*GIVEN DATA:*
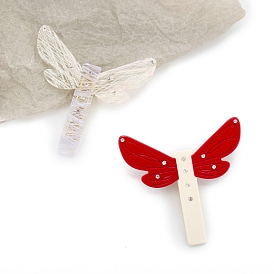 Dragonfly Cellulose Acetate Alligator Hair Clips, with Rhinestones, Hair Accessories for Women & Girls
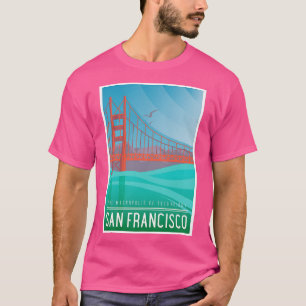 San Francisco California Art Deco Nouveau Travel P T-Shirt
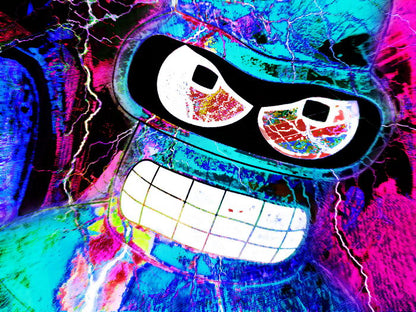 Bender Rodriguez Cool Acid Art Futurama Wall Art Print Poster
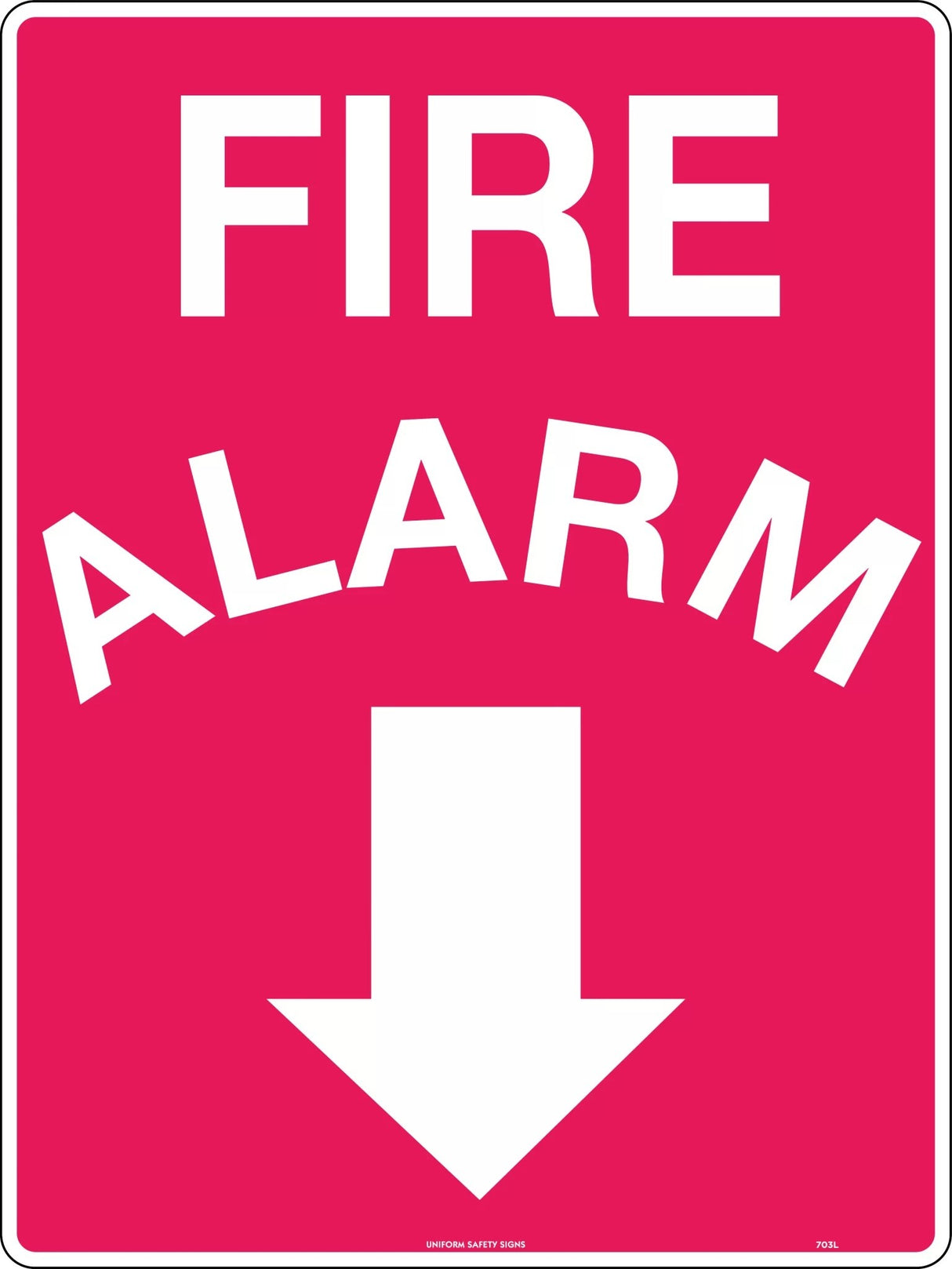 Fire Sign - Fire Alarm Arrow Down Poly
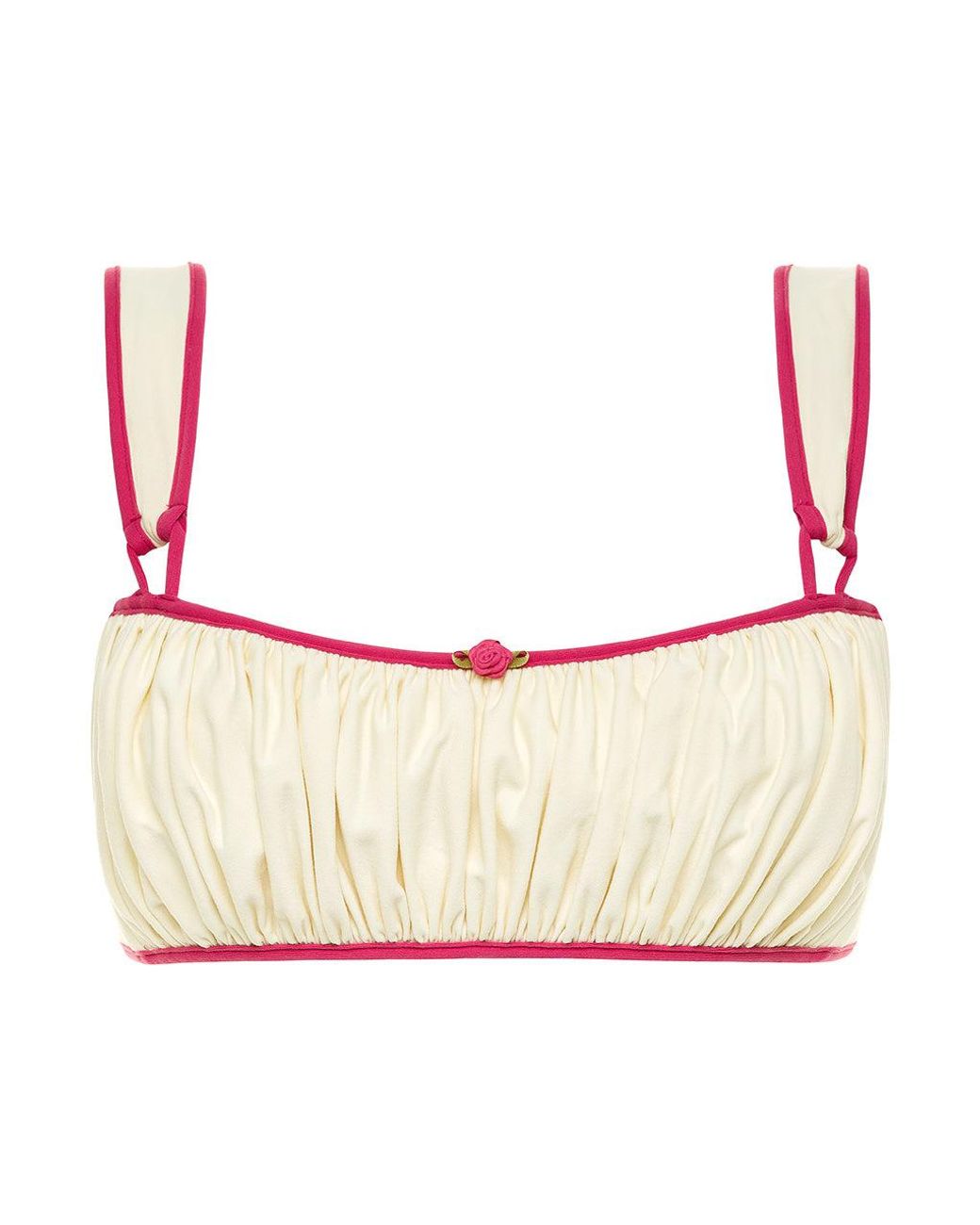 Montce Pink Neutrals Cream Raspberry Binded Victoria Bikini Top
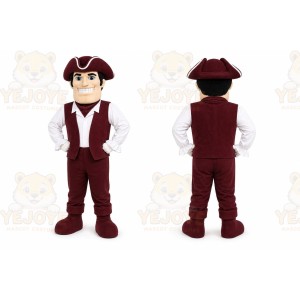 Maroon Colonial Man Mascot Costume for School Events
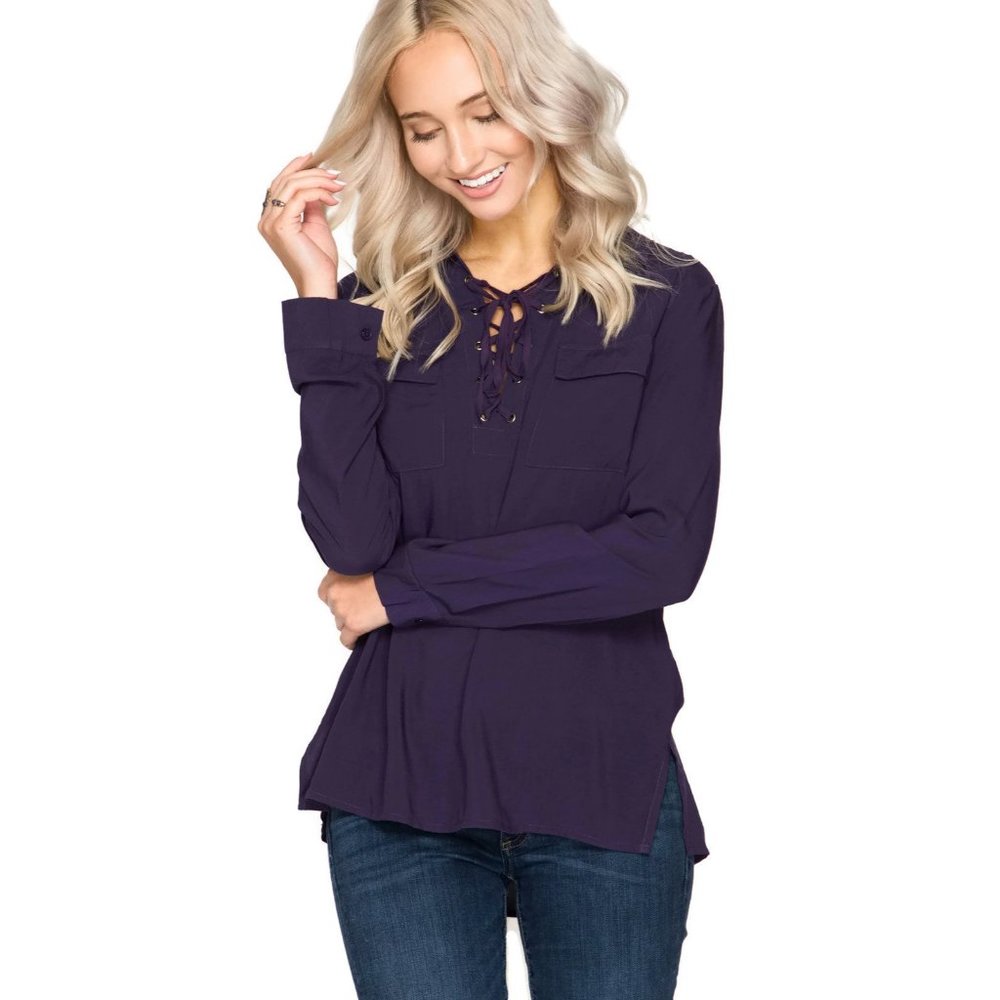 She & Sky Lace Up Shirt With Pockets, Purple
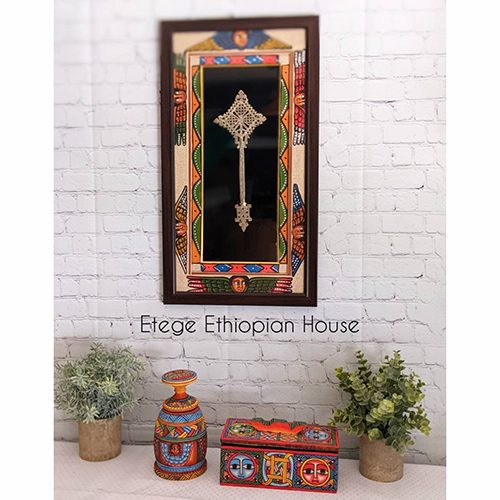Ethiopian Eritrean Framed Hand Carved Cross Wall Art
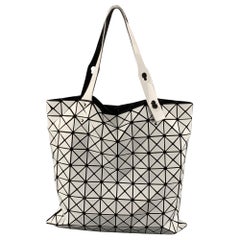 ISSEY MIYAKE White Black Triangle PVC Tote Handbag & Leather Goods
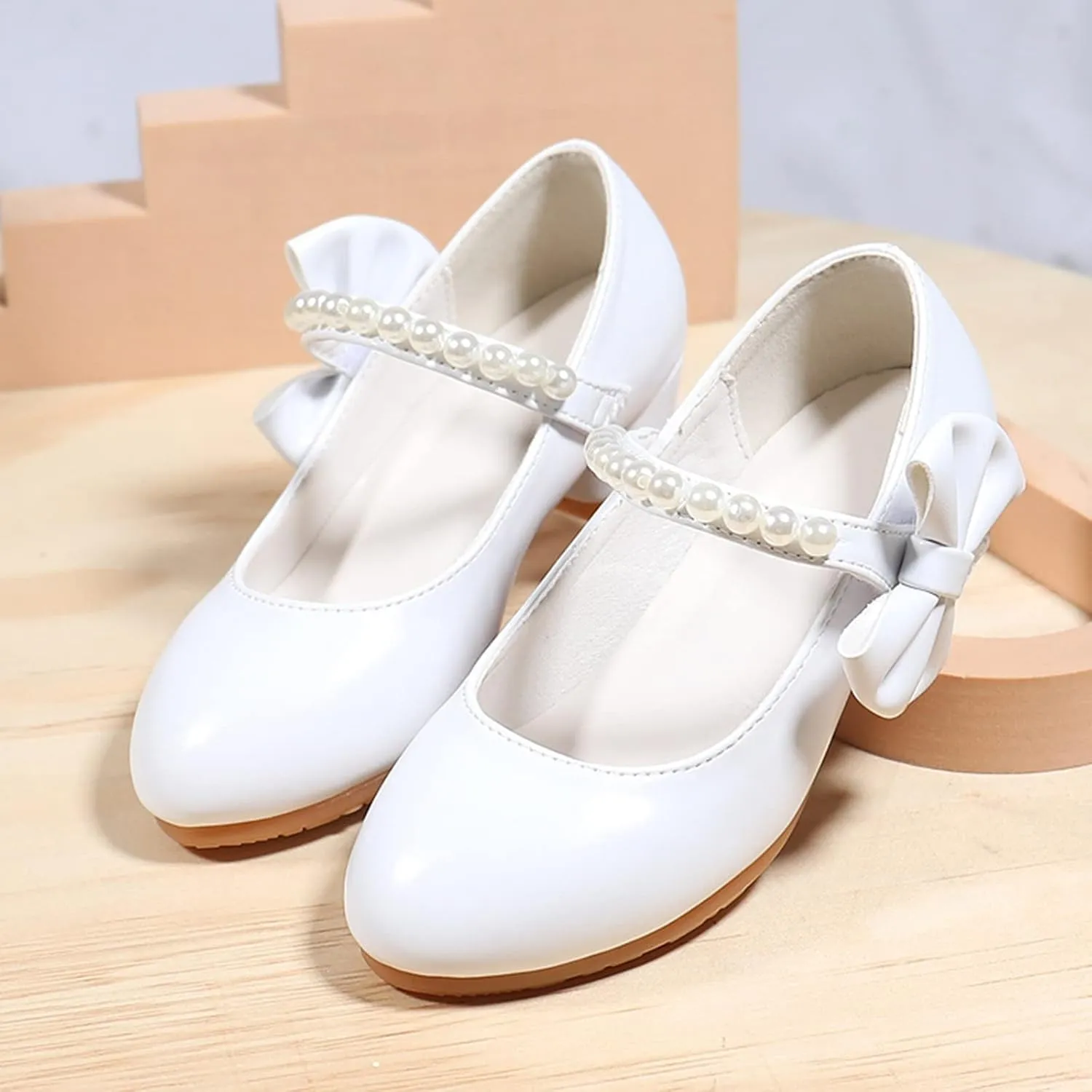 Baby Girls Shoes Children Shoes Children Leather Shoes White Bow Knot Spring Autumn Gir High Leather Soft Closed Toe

*TASK REQUIREMENTS:* Only the text of the records above is to be reproduced, exactly as given; the pictures are dropped.

*ANSWER BELOW:*
 Dragonfly Cellulose Acetate Alligator Hair Clips, with Rhinestones, Hair Accessories for Women & Girls
 San Francisco California Art Deco Nouveau Travel P T-Shirt
 Bender Rodriguez Cool Acid Art Futurama Wall Art Print Poster
 Fire Sign - Fire Alarm Arrow Down Poly
 Montce Pink Neutrals Cream Raspberry Binded Victoria Bikini Top
 Maroon Colonial Man Mascot Costume for School Events
 She & Sky Lace Up Shirt With Pockets, Purple
Ethiopian Eritrean Framed Hand Carved Cross Wall Art
 ISSEY MIYAKE White Black Triangle PVC Tote Handbag & Leather Goods
 Baby Girls Shoes Children Shoes Children Leather Shoes White Bow Knot Spring Autumn Gir High Leather Soft Closed Toe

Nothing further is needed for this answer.